HED search performance¶

Benchmarks were run using HED 8.4.0 with timeit on both synthetic strings and real BIDS event data. All times are medians in milliseconds. Relative ratios between engines are more meaningful than absolute values, which depend on hardware.

Benchmark query suite¶

All 18 operations below are used across the benchmarks. The single-string and list benchmarks use the 12-query core set (rows marked ✓); the per-operation sweep uses all 18 on a fixed structured string; nesting-depth sweeps use the 5-query subset marked †.

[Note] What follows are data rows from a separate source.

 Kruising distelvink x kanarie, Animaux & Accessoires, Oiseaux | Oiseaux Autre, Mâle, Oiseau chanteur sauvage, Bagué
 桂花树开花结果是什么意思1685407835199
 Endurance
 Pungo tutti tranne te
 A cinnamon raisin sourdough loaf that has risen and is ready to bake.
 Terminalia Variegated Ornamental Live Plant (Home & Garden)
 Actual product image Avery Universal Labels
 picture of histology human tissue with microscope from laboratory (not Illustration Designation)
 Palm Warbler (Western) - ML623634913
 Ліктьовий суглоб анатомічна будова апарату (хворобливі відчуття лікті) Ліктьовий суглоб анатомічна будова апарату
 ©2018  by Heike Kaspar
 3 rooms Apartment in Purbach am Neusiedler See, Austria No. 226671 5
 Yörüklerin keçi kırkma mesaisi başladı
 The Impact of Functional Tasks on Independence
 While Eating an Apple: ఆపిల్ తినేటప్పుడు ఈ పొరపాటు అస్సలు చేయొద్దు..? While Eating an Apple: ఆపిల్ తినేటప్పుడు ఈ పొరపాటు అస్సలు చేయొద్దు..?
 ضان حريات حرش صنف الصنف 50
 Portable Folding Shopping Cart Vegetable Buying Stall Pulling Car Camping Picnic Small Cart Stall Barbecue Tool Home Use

Category	Label	Object search / String search query	Basic search query	Core	Depth
Simple	`bare_term`	`Event`	`@Event`	✓	†
Simple	`exact_quoted`	`"Event"` (exact quoted match)	— unsupported	✓
Simple	`wildcard_prefix`	`Def/*`	`Def/*`	✓
Boolean	`and_2`	`Event && Action`	`@Event, @Action`	✓	†
Boolean	`and_3`	`Event && Action && Agent`	`@Event, @Action, @Agent`	✓
Boolean	`deep_and_chain`	`Event && Action && Agent && Item && Red`	`@Event, @Action, @Agent, @Item, @Red`
Boolean	`or`	`Event \|\| Action`	— unsupported	✓
Boolean	`negation`	`~Event`	`~Event`	✓	†
Boolean	`double_negation`	`~(~Event)`	— unsupported
Boolean	`nested_or_and`	`(Event \|\| Sensory-event) && (Action \|\| Agent)`	— unsupported
Group structural	`group_nesting`	`[Event && Action]`	`(Event, Action)`	✓	†
Group structural	`exact_group`	`{Event && Action}`	— unsupported	✓	†
Group structural	`exact_group_optional`	`{Event && Action: Agent}`	— unsupported	✓
Group structural	`wildcard_?`	`{Event, ?}`	— unsupported	✓
Group structural	`wildcard_??`	`{Event, ??}`	— unsupported
Group structural	`wildcard_???`	`{Event, ???}`	— unsupported
Complex	`descendant_nested`	`[Def && Onset]`	— unsupported
Complex	`complex_composite`	`{(Onset \|\| Offset), (Def \|\| {Def-expand}): ???}`	— unsupported	✓

Key findings¶

Batch throughput: basic search is ~16× faster than an object search row-by-row loop at 5 000 rows because it leverages vectorized pandas str.contains; string search (plain list) is ~1.5× faster than object search.
Single-string speed: string search (no lookup) is ~39% faster than object search per string because it avoids schema-based HedString construction.
Schema-lookup overhead: enabling schema_lookup in string search has negligible overhead for most queries; cost appears only when ancestor matching is actually invoked.
Nesting depth: at depth 20, object search is ~8× slower than on a flat string; string search shows similar scaling (~8×).
Operation coverage: basic search supports 7 of 18 tested operation types. The remaining 11 (OR, exact groups, logical groups, ?/??/??? wildcards, quoted terms) require object search or string search.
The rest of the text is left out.